Spanish risk premium leaps after record interest paid at bond auction

Investors increasingly wary despite revelation that Madrid can use part of bank rescue fund to buy up debt in the secondary market

Spain’s risk premium jumped on Thursday after the Treasury was forced to pay the highest yields on government bonds at a debt auction since the euro came into existence.

The yield on the benchmark 10-year government bond was trading at over seven percent, which pushed the spread with the German equivalent after the tender to over 580 basis points, just short of a euro-era high of 589 basis points reached on June 18. The premium ended the day at 579 basis points, a record high for the close.

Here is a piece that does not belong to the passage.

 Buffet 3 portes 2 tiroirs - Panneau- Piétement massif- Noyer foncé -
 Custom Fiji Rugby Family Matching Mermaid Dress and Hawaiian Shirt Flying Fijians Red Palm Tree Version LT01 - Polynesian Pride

The Treasury sold 1.074 billion euros in five-year bonds at a marginal rate of 6.543 percent, up from 6.195 percent at a tender held last month, and also the highest yield paid since 1995. It issued a further 547 million euros in bonds maturing in 2019 at 6.798 percent, up from 6.195 percent for bonds of similar maturity sold in February. In the last leg of the auction, it sold 1.359 billion euros in two-year bonds at a cut-off rate of 5.302 percent, up from 4.483 percent previously and the highest yield paid for two-year paper since the Treasury starting compiling figures in 1988.

The total amount issued fell 18 million euros short of the Treasury maximum target of three billion, while demand for the bonds fell. The bid-to-cover ratio for the two-year issue dropped to 1.9 times from 4.26 times last month, while demand for the five-year issue exceeded the amount sold by 2.06 times, down from 3.44 times in June.

It wasn’t a catastrophe, but it is an indication that the situation is delicate"

The bond tender was the first held after the Cabinet approved tax hikes and spending cuts worth 65 billion euros, the biggest austerity drive since Spain returned to democracy over 30 years ago.

“It wasn’t a catastrophe, but it is an indication that the situation is delicate, that it is going to be difficult to place long-term debt, and that this situation cannot carry on indefinitely,” Reuters quoted Nicolás López of brokerage M&G Valores, as saying. “The yields were somewhat higher than those in the secondary market, but that’s normal given non-resident investors are not there and the Spanish banks are limited in their ability to absorb debt,” he added.

The central government has now covered 65.2 percent of its medium-to-long term funding needs for the year. The average yield on debt issued up to the end of June was 3.37 percent, compared with 3.90 percent last year.

The spike in the risk premium took place despite the fact it has emerged that the government will be allowed to use part of the up to 100 billion euros in rescue funds for its banks approved by the Eurogroup to buy Spanish government bonds in the secondary market.